Beinart wrote a whole book, The Icarus Syndrome, about the folly of American hubris in the last century and examined how intellectuals of the time came to terms with their failures.

Through that process, he said, early 20th Century theologian, professor, and political commentator Reinhold Niebuhr became “like a bit of a life raft”:

“[F]or me his core insight is that nations, like individuals, cannot see the degree to which self-interest corrupts their notion of virtue. They may genuinely believe that they are high-minded. But just like individuals think they’re high-minded and can’t see how much of their behavior is based on self-interest. They can’t see themselves from the outside and nations have trouble doing that too. And that became a way to help me start to have a more skeptical eye about all this exceptionalist discourse that I think still defines a lot of American foreign policy.”

Beyond individual introspection, Beinart identified key structural barriers to changing the direction of U.S. foreign policy.
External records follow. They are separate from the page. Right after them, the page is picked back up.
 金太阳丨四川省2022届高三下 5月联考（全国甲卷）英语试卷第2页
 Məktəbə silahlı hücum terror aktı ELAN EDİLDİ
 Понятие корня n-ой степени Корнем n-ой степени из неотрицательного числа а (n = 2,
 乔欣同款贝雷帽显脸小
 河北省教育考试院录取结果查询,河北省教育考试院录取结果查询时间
One of the most difficult challenges he cited is confronting American exceptionalist discourse.

“There’s a notion that America should be doing great things, and I myself am still attracted to those notions in some ways,” he said. “But what’s happened is the notion of us as a nation doing great things, us as a special nation, us as a nation that has a special mission and can make the world better has really been diverted or perverted in some ways that are unhealthy.” 
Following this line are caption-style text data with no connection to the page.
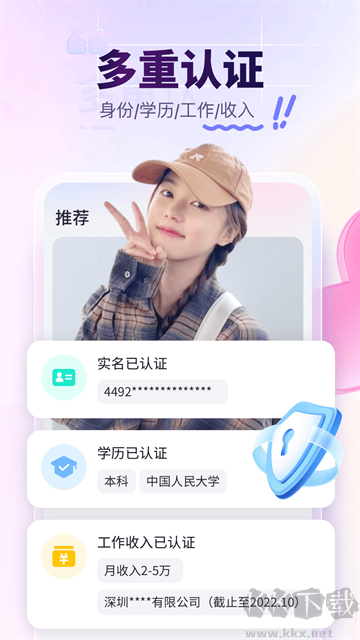 珍爱手机版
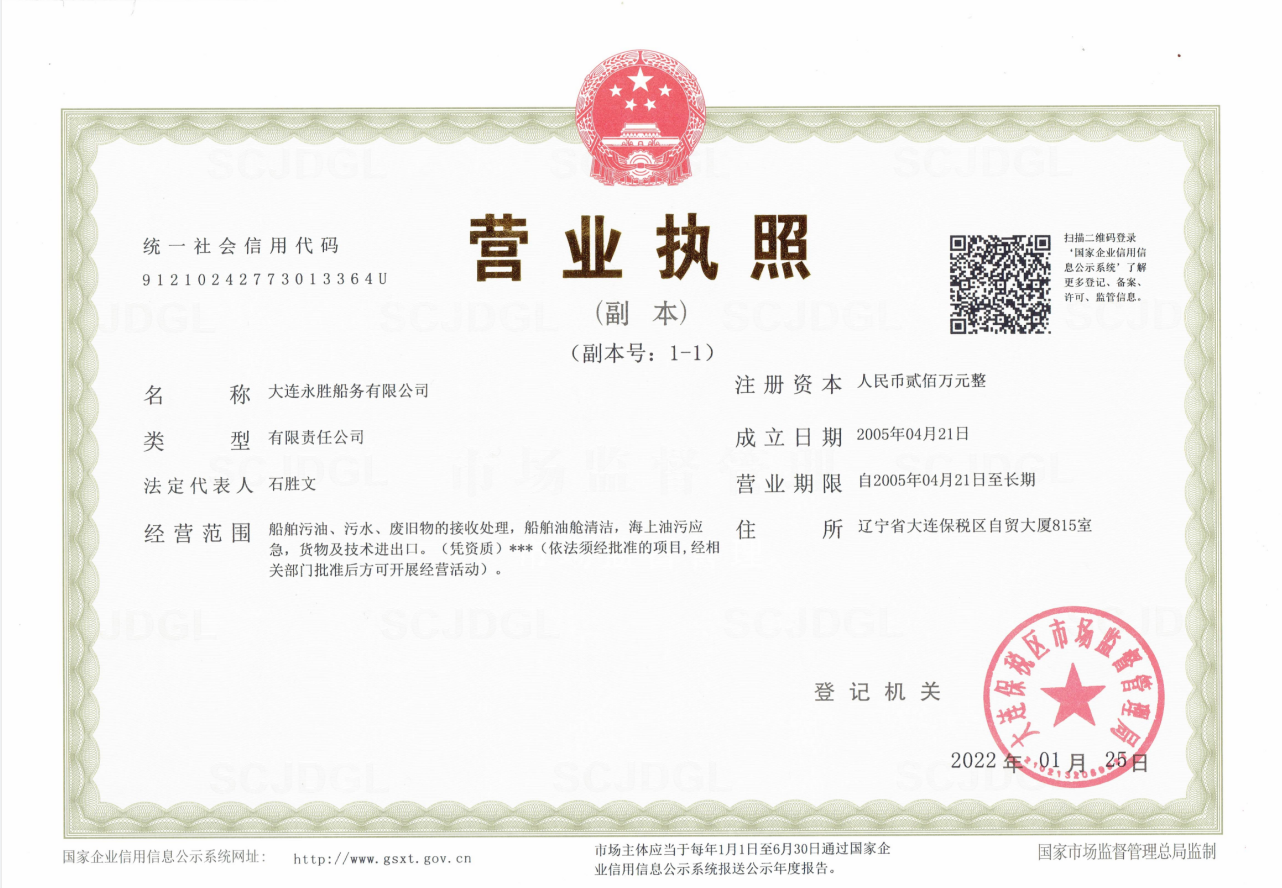 營(yíng)業(yè)執(zhí)照2022.png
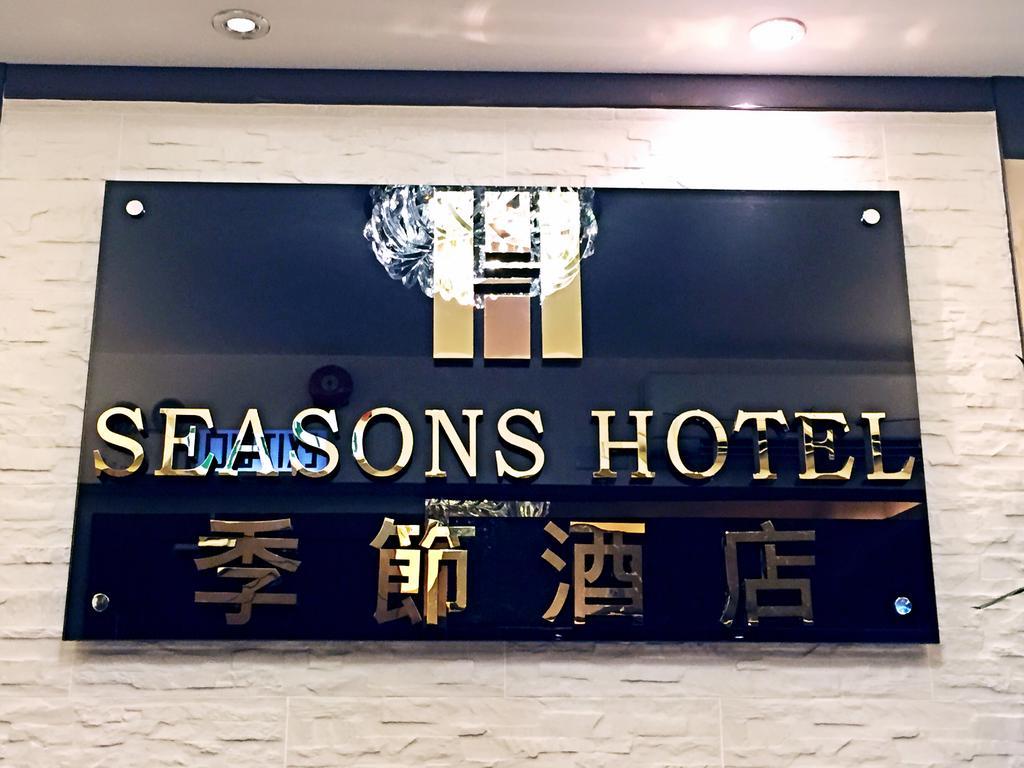 Guest house Seasons Hong Kong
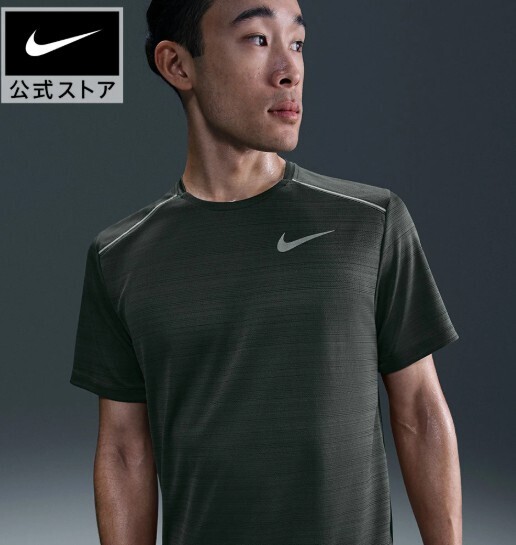 新品♪Nike(ナイキ)♪ Dri-FIT マイラー/メンズ半袖Teeシャツ♪XLサイズ♪ビンテージグリーン♪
He cited the absence of an institutional infrastructure that can sufficiently challenge these notions. “There’s a lack of people who have respectability and institutions that can provide balance to the interventionist impulse,” he said. 

This institutional infrastructure also includes the media. “The media tends to gravitate toward people who seem like they have respectable, elite, prestigious credentials,” he said, which of course the current DC foreign policy establishment can readily provide.

But at the same time, Beinart added, there’s a diversity angle. “If you think about the Americans who are most likely to take a skeptical view of American exceptionalist discourse, the notion that we are somehow morally free of sin, the people who would be most likely to gravitate to more skeptical views of America’s role in the world, I think often it is people of color given their experience in the United States. And yet with a few exceptions, the debate about domestic policy is much more integrated racially and in terms of different experiences and in terms of gender probably than the foreign policy discourse.”

Referring to one of the Quincy Institute’s foundations of transpartisanship, Beinart said that getting progressives and conservatives to work together going forward toward a less militaristic foreign policy based on restraint and diplomacy is going to be very difficult, particularly given that the GOP has jettisoned many of its principles to protect Donald Trump. But, he adds, there is a conservative critique to American hubris and overreach. “[I]f you believe that the government is not likely to be able to intervene and reengineer effectively problems at home, you should be even more dubious about the United States’ ability to do that half way across the world. So I think there is a coherent view there.”